Entre ellas (Vol. II)

Isadora regresaba a casa igual que el día anterior. El mismo vestido y rímel corrido, señales inequívocas de una mujer que no ha pasado la noche en su casa. A pesar de que toda ella parecía igual por fuera, por dentro no era la misma que hacía 12 horas. Había vuelto a ver a Marina y de nuevo se le revolvió la vida.

Se había quedado en su casa. Las dos habían bebido vino, mientras se ponían al día con la otra, pero solo Isadora se había estado sintiendo como un volcán en peligro de erupción, a punto de decirle que sus sentimientos por ella no habían cambiado desde aquel día en el cual se los había confesado, y lanzarse a besarla.

El vino iba descendiendo por la botella. Mientras tanto, a Marina se le soltaba la lengua y a Isadora se le contraía el corazón. En su cabeza transcurrían decenas de formas de cómo besarla o al menos tomar su mano, pero su cuerpo se iba aletargando por el vino y, al mismo tiempo, el miedo de dañar la relación que tenían, la iba inmovilizando.

La operación de transformar las horas pasadas con ella en un amor para guardar, tal como cazan los osos para poder hibernar, sólo podía responder a leyes de alquimia y de magia, porque la física y la química resultaban insuficientes para explicar la atracción hacia ella y la reacción de sus moléculas ante las de Marina.

Se lanzó en su cama para intentar dormir. Puso música en el iPod para envenenar su ansiedad con algo. Mientras fumaba, tomó el poemario de Miyó Vestrini de su mesa de noche. Otra mujer sorprendente a la que admiraba hasta desbordarse. De ella habían hablado la noche anterior.

“Ya no hay mujeres interesantes como ellas”, había dicho Marina, refiriéndose a Miyó Vestrini, e incluyendo a otras como Frida Kahlo, Alejandra Pizarnik y Sylvia Plath, en el paquete.
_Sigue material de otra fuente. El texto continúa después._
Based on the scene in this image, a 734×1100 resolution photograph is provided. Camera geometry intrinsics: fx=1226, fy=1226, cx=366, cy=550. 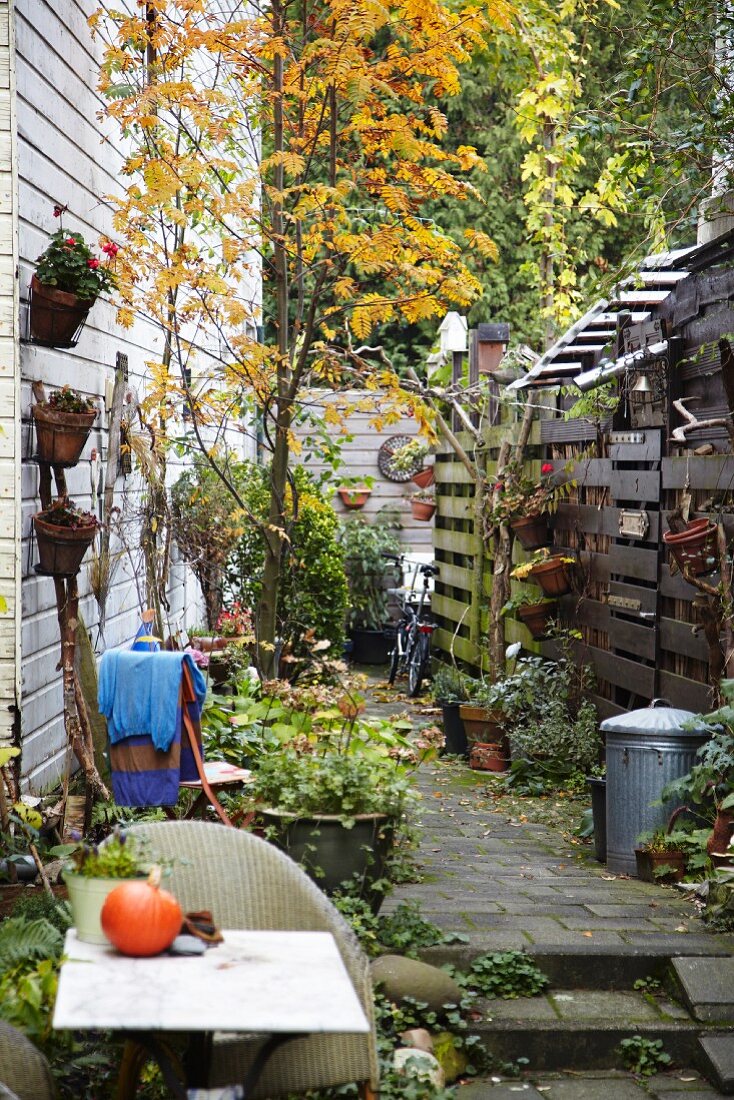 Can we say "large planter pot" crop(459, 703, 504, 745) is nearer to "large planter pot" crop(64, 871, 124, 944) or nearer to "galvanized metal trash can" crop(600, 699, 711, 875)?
"galvanized metal trash can" crop(600, 699, 711, 875)

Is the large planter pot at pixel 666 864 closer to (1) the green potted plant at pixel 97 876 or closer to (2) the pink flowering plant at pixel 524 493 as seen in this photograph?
(1) the green potted plant at pixel 97 876

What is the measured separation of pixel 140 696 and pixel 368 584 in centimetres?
1034

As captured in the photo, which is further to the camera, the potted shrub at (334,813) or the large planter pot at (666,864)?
the large planter pot at (666,864)

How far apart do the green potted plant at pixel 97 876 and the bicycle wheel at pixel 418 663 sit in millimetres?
9766

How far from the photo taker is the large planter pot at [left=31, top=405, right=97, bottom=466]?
205 inches

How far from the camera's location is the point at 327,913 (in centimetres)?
303

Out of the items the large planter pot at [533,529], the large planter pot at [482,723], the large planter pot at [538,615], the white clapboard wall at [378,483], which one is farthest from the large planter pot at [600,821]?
the white clapboard wall at [378,483]

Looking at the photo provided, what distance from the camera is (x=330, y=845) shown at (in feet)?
14.5

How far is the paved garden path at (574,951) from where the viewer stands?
400 centimetres

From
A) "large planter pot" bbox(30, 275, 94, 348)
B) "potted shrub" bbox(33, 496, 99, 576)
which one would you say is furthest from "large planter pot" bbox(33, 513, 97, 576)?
"large planter pot" bbox(30, 275, 94, 348)

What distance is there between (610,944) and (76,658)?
265cm

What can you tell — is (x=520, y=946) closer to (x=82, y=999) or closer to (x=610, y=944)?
(x=610, y=944)

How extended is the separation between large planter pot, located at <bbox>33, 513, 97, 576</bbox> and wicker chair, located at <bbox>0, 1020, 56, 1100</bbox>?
2.64 metres

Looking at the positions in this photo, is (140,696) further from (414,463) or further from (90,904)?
(414,463) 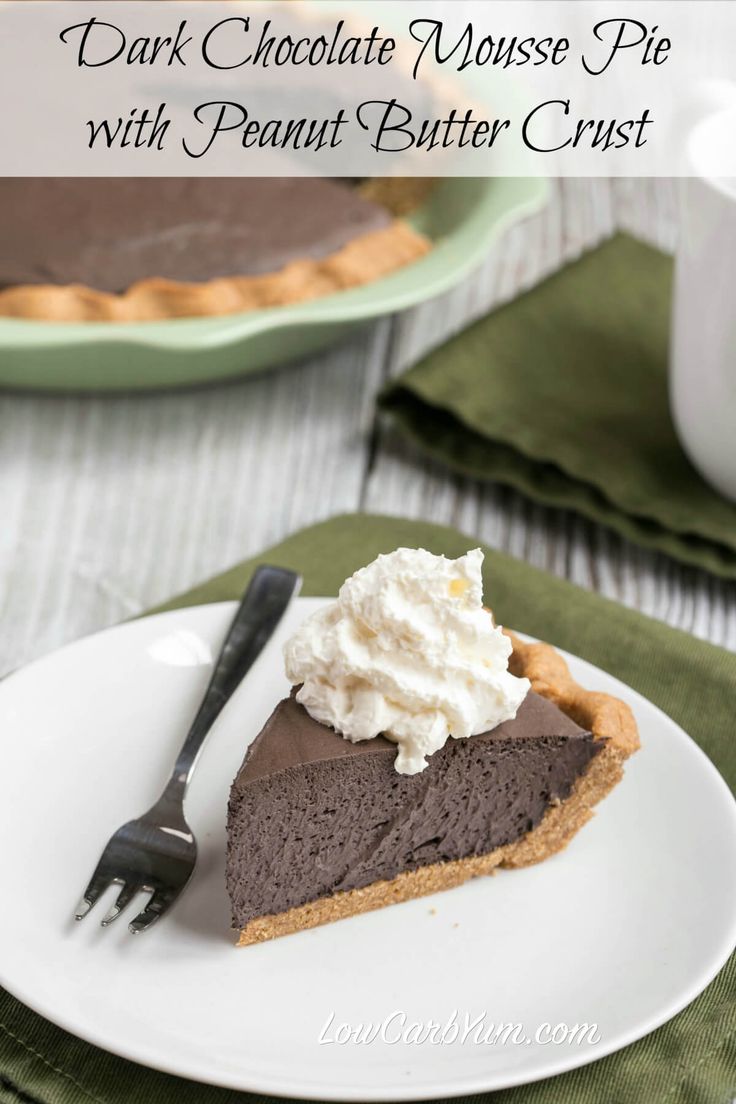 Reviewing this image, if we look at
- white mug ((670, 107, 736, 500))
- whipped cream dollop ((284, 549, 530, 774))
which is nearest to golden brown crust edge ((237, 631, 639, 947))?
whipped cream dollop ((284, 549, 530, 774))

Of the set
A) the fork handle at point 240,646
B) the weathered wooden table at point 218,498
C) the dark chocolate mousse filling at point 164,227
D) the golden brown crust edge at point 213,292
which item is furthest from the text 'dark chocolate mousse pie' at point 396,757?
the dark chocolate mousse filling at point 164,227

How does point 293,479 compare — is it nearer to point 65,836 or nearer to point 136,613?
point 136,613

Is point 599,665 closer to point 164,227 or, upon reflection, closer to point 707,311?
point 707,311

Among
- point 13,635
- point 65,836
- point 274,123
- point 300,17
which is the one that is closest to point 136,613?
point 13,635

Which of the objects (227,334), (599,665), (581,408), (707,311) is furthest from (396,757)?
(581,408)

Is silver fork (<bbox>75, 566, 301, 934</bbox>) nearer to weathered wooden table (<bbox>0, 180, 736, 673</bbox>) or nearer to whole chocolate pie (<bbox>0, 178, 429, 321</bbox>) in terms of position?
weathered wooden table (<bbox>0, 180, 736, 673</bbox>)

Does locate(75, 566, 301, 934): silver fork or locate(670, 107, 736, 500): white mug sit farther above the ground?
locate(670, 107, 736, 500): white mug
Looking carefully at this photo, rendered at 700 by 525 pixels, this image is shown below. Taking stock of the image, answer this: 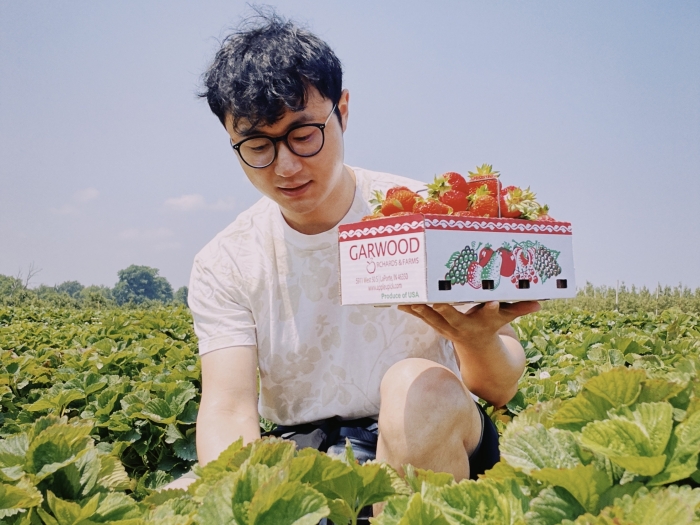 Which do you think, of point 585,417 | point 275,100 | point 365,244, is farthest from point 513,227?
point 585,417

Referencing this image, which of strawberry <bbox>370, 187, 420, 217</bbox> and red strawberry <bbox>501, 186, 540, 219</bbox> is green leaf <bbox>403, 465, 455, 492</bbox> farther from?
red strawberry <bbox>501, 186, 540, 219</bbox>

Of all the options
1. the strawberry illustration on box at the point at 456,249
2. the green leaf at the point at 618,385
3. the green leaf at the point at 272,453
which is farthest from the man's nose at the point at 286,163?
the green leaf at the point at 618,385

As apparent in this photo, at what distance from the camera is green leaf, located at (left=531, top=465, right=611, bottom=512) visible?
2.55 feet

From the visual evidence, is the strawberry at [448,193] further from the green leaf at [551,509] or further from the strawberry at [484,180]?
the green leaf at [551,509]

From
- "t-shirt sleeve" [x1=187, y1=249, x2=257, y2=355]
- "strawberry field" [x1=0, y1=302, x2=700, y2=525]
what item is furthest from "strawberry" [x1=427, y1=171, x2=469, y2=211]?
"strawberry field" [x1=0, y1=302, x2=700, y2=525]

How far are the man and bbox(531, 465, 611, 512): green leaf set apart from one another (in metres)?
1.05

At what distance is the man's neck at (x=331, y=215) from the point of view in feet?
8.13

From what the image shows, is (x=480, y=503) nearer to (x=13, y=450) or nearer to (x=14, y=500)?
(x=14, y=500)

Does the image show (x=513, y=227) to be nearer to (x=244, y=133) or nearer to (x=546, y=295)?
(x=546, y=295)

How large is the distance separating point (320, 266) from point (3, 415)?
2959 millimetres

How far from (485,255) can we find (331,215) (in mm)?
679

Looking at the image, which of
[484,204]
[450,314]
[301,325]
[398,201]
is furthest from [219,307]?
[484,204]

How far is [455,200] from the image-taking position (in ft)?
7.07

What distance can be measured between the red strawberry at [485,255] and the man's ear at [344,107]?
0.73 m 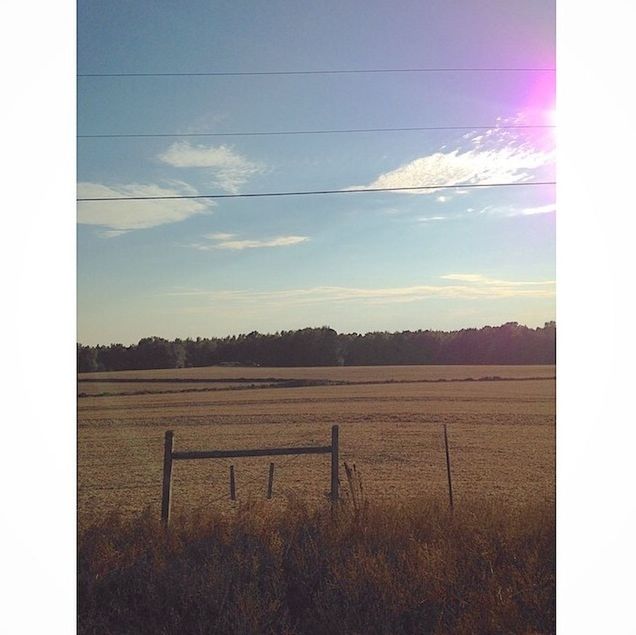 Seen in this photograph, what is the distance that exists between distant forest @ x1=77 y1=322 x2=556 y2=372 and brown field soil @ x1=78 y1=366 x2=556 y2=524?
184 millimetres

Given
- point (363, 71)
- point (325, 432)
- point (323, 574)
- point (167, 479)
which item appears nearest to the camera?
point (323, 574)

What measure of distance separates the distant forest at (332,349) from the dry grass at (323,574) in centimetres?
83

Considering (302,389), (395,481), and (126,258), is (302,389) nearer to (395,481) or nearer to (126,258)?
(395,481)

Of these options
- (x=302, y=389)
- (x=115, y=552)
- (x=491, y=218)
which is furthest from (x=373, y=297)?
(x=302, y=389)

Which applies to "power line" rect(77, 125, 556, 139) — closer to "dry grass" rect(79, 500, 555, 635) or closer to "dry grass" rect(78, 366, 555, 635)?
"dry grass" rect(78, 366, 555, 635)

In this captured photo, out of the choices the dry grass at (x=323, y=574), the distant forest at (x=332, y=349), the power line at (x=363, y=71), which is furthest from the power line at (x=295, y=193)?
the dry grass at (x=323, y=574)

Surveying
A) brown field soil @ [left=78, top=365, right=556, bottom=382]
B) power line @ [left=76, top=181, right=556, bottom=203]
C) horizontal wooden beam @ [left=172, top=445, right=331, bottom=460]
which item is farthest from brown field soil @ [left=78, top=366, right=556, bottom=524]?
power line @ [left=76, top=181, right=556, bottom=203]

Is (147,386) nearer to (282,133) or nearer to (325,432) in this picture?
(282,133)

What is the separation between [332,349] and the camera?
3.45m

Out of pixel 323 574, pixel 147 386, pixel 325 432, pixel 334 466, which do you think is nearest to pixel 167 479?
pixel 334 466

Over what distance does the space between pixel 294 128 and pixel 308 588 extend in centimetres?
186

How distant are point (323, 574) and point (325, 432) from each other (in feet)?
11.7

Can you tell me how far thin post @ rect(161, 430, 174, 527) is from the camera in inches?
104

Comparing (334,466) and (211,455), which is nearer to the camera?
(211,455) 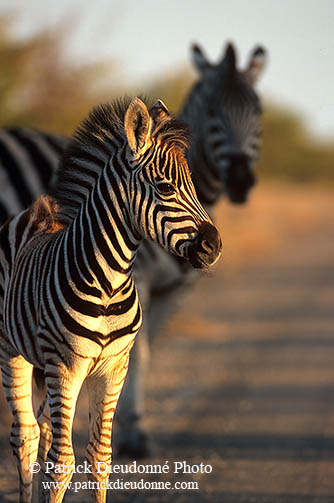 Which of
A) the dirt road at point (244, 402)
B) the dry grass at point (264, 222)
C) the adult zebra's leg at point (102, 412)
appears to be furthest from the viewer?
the dry grass at point (264, 222)

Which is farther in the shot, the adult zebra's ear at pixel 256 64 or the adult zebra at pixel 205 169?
the adult zebra's ear at pixel 256 64

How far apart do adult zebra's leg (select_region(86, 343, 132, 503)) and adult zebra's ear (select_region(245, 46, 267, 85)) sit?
3.69 m

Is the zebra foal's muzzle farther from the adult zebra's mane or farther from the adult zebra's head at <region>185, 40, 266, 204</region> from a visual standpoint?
the adult zebra's head at <region>185, 40, 266, 204</region>

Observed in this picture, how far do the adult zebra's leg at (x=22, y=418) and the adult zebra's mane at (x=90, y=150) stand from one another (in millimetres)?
881

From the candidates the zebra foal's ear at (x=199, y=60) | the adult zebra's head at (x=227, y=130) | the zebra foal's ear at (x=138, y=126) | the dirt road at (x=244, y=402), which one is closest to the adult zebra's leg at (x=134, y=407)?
the dirt road at (x=244, y=402)

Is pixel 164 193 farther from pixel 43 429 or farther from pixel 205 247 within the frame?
pixel 43 429

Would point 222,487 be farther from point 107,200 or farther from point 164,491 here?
point 107,200

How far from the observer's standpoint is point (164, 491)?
202 inches

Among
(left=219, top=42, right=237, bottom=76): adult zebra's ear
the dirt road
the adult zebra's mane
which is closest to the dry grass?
the dirt road

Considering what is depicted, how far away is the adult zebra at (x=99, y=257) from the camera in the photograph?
11.0 feet

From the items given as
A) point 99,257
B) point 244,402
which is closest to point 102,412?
point 99,257

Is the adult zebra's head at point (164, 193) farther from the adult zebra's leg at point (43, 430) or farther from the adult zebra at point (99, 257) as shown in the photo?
→ the adult zebra's leg at point (43, 430)

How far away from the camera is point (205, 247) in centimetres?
328

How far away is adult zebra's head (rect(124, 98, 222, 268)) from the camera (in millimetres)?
3307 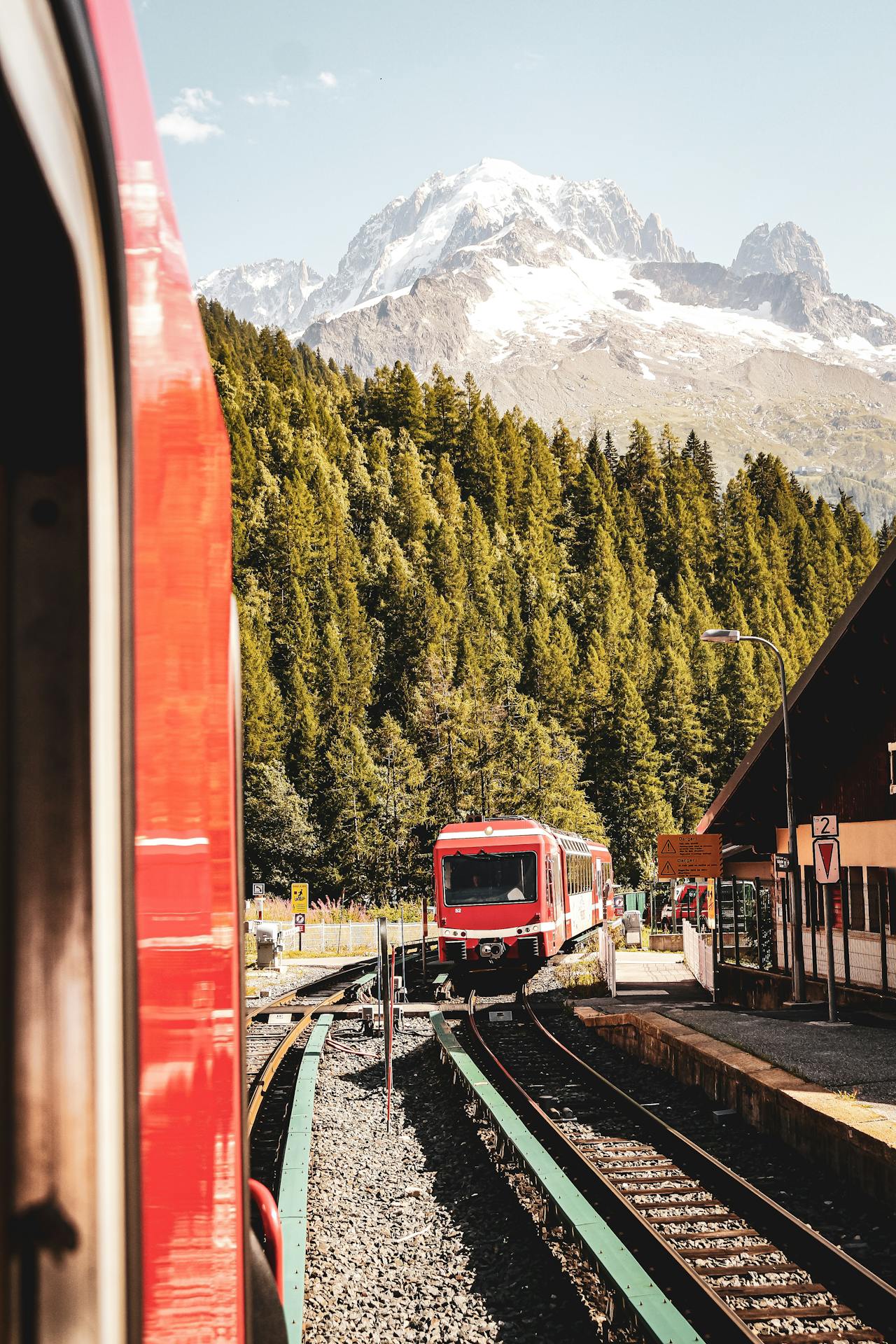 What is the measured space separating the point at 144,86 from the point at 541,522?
12153 centimetres

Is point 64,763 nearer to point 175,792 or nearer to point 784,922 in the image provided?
point 175,792

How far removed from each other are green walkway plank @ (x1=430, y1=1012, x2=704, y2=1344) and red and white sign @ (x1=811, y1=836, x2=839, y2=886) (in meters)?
5.69

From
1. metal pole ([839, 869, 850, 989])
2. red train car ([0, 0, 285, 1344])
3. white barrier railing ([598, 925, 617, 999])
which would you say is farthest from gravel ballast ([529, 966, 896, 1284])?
red train car ([0, 0, 285, 1344])

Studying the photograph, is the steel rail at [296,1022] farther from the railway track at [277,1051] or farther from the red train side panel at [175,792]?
the red train side panel at [175,792]

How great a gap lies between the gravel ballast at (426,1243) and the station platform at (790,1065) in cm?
234

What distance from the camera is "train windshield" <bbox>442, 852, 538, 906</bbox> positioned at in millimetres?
23484

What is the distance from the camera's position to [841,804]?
19.6 meters

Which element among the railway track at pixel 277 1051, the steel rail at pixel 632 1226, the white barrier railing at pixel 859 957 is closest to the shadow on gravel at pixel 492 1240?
the steel rail at pixel 632 1226

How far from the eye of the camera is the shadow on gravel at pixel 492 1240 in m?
6.53

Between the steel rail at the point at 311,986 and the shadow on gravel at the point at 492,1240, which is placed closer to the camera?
the shadow on gravel at the point at 492,1240

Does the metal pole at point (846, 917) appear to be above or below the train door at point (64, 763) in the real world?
below

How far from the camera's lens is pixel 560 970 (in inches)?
1113

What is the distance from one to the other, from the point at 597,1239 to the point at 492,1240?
1.06 m

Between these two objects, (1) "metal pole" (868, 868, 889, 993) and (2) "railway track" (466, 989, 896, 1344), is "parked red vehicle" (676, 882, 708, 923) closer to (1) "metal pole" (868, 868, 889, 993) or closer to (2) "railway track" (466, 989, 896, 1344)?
(1) "metal pole" (868, 868, 889, 993) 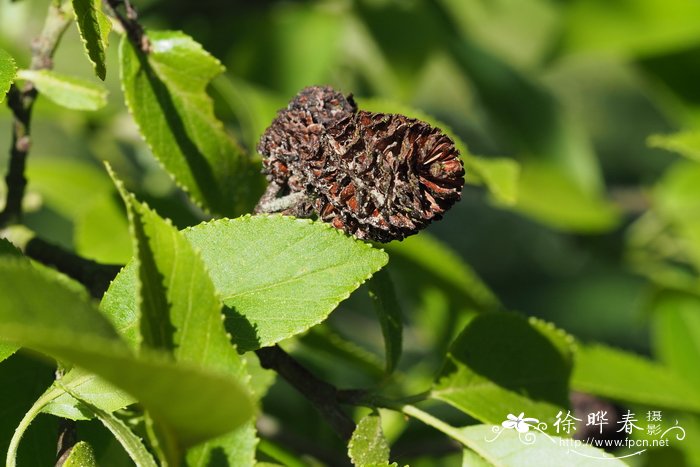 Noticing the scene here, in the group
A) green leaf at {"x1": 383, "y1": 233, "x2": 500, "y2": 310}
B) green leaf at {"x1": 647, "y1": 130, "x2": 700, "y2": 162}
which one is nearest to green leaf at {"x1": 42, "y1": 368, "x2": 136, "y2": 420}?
green leaf at {"x1": 383, "y1": 233, "x2": 500, "y2": 310}

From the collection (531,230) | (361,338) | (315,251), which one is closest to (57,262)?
(315,251)

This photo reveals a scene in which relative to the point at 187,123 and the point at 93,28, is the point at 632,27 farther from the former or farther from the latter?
the point at 93,28

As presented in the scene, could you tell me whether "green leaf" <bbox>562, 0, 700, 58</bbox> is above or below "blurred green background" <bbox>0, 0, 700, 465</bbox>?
above

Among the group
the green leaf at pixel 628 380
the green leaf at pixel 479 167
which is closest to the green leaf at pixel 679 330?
the green leaf at pixel 628 380

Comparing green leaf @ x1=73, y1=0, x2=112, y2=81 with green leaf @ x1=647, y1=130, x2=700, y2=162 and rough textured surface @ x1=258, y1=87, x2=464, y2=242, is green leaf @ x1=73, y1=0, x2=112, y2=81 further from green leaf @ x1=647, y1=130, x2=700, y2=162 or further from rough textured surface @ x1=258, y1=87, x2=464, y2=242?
green leaf @ x1=647, y1=130, x2=700, y2=162

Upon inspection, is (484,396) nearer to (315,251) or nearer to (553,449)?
(553,449)

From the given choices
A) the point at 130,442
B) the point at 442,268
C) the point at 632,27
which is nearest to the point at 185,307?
the point at 130,442
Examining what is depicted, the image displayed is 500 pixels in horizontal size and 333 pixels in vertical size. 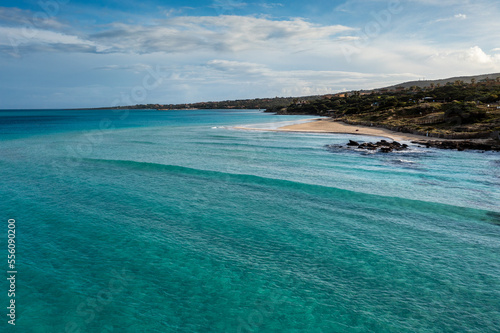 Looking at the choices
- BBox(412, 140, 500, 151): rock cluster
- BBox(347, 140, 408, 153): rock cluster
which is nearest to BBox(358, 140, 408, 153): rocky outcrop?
BBox(347, 140, 408, 153): rock cluster

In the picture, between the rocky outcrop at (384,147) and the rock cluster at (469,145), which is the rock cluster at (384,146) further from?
the rock cluster at (469,145)

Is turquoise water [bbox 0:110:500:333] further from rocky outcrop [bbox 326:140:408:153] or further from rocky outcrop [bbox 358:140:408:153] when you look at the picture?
rocky outcrop [bbox 326:140:408:153]

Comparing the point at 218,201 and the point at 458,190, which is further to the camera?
the point at 458,190

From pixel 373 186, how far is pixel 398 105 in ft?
225

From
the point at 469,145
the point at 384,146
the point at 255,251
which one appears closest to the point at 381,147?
the point at 384,146

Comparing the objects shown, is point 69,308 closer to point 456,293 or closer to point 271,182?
point 456,293

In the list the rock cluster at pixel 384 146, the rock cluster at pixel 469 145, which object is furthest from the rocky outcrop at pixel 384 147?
the rock cluster at pixel 469 145

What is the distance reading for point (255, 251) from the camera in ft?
40.7

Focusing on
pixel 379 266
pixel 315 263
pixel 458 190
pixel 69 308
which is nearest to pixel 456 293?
pixel 379 266

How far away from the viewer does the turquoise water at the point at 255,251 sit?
8.72 metres

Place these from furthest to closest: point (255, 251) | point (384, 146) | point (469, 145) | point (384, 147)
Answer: point (384, 146) → point (384, 147) → point (469, 145) → point (255, 251)

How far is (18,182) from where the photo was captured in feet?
73.8

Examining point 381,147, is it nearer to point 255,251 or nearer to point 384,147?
point 384,147

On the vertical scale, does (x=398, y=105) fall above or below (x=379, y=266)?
above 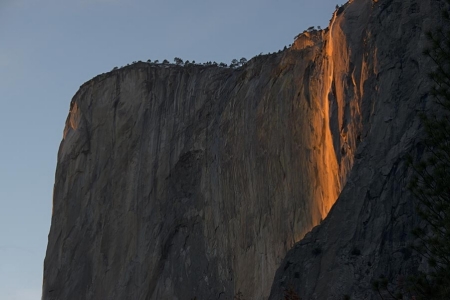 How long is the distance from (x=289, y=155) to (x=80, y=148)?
17486 mm

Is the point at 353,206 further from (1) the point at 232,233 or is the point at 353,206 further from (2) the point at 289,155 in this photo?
(1) the point at 232,233

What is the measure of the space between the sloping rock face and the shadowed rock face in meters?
0.04

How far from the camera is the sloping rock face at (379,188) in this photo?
82.0ft

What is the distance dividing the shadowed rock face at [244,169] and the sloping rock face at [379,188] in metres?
0.04

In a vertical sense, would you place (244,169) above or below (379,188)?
above

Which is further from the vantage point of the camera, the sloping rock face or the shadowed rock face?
the shadowed rock face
Su propia majestuosidad, que le era ajena a ella misma, y se colaba por el iris de los ojos de Isadora, la hacían tan interesante como aquellas otras mujeres de las que hablaba. Ella sólo se limitaba a asentir. ¿Acaso tenía sentido que intentase mostrarle a alguien su propia belleza sin un espejo en la mano? Isadora había intentado ser su espejo, pero jamás encontró el ángulo de su vida donde debía colocarse para que la luz hiciese su trabajo y la reflejase en ella.

Alguna vez había pensado en dibujarla, y quizás así Marina habría entendido cómo la veía, pero al hacer la primera línea se paralizaba. Nada nunca sería suficiente para plasmarla. Quizás debía volverla una ecuación para hacerla más exacta.

El cigarrillo se acabó sin que ella alcanzase a darle más de dos bocanadas. Devolvió el poemario y sus sentimientos al lugar donde les correspondía, la mesa de noche. Al menos allí se mantendrían acompañados el uno con el otro.